HyperTransport: The Bridges of Opteron County
Next to its 32/64-bit balancing act, the star of the Opteron show is the HyperTransport input/output bus. The CPU incorporates three HyperTransport data links (two for communication between processors, one for the rest of the system), while this fall’s uniprocessor Athlon 64 will include only one for the system bus. The Opteron is a multiprocessor design, and requires the additional two HyperTransport links for communication between processors. The following diagrams show how XBAR and HyperTransport cooperate within one CPU, then scale to a four-way multiprocessor system.
Using HyperTransport has allowed AMD to eliminate the traditional front-side bus, and separate I/O data from memory data. This innovative design supplies what AMD refers to as “glueless multiprocessing”, or the ability to link multiple processors without external logic. Previously, this was performed through a motherboard chipset, but the Opteron includes the hardware on-chip, and uses HyperTransport to facilitate data transfers.
The dual HyperTransport links for CPU data are coherent links that share the memory and cache space between two processors. This is the basic architecture of any multiprocessor system, but in the case of the Opteron, HyperTransport — not a Northbridge chipset — provides the coherent memory/cache link between CPUs. The third HyperTransport pipe is a noncoherent link or simply a channel to get system data to and from the CPU. Again, this piece of the architecture will be featured on the Athlon 64 desktop processor, much as today’s nForce2 chipset incorporates HyperTransport as its system bus.
HyperTransport offers many advantages over conventional solutions such as PCI. A single Opteron HyperTransport link offers a whopping 6.4GB/sec of data bandwidth, which is top of the scale in terms of current x86 system bus specifications. Compatibility is also high, and PCI and PCI-X can coexist on a HyperTransport system bus while taking advantage of its ample bandwidth.
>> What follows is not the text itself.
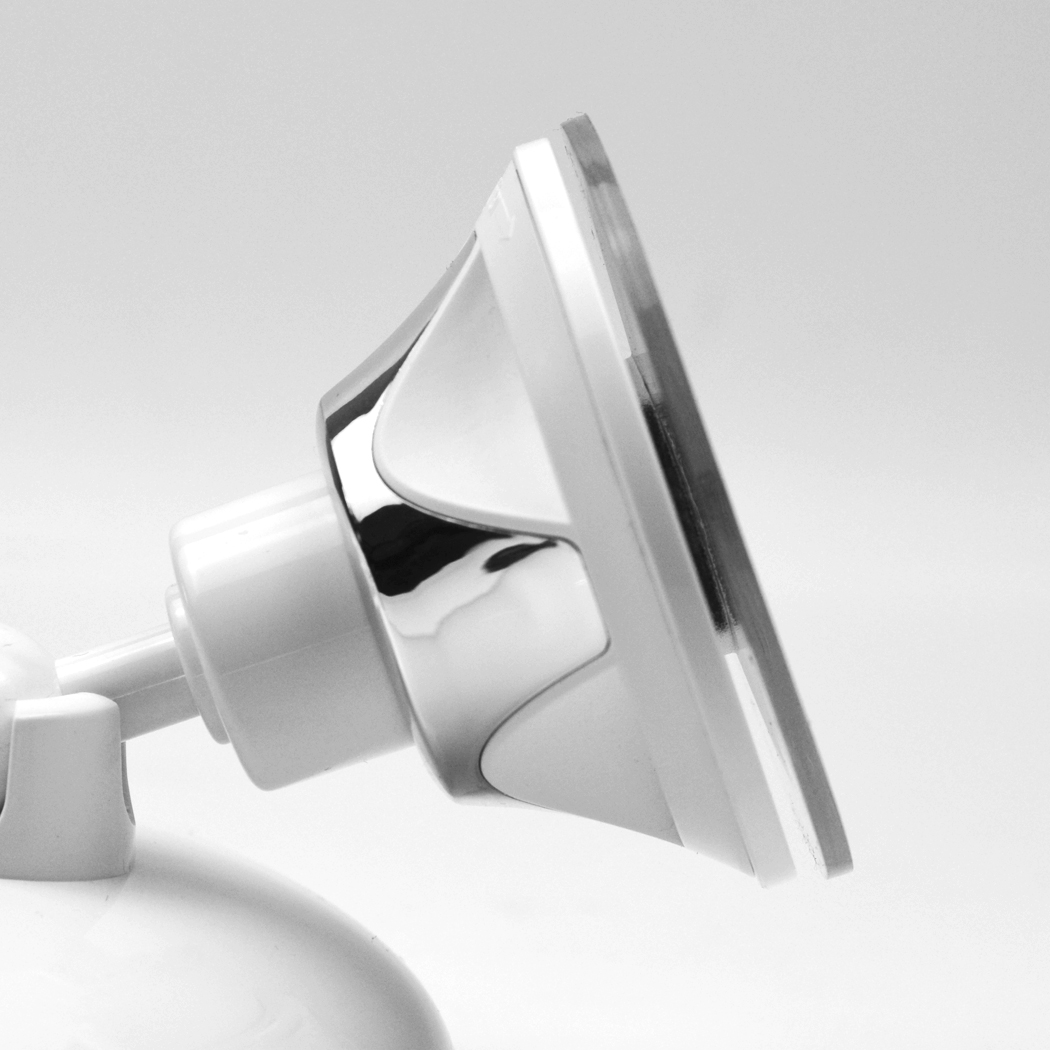 10x Magnifying Makeup LED Mirror 360 Dgree - Image 6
HyperTransport is also inexpensive, based on a simple design, and highly scalable. These factors all contribute to a promising technology, especially given that platform designs badly need additional bandwidth now that Gigabit Ethernet, PCI-X, and other data-hungry hardware are all fighting for system resources.
Welcome to the New World
The Opteron is a refreshing change from the old x86 processor treadmill, and is actually the first CPU in recent memory to deserve the title of a next-generation product. Its hybrid 32/64-bit design ensures backward compatibility, while offering performance and platform advances when the need for 64-bit software takes hold, thereby making it a wise choice for the future. In addition to making an offer that IT managers may not be able to refuse, AMD has taken its destiny firmly in hand by incorporating critical Northbridge functions into the Opteron core — now less dependent on third-party chipsets, AMD can once again make its processor the star of the show.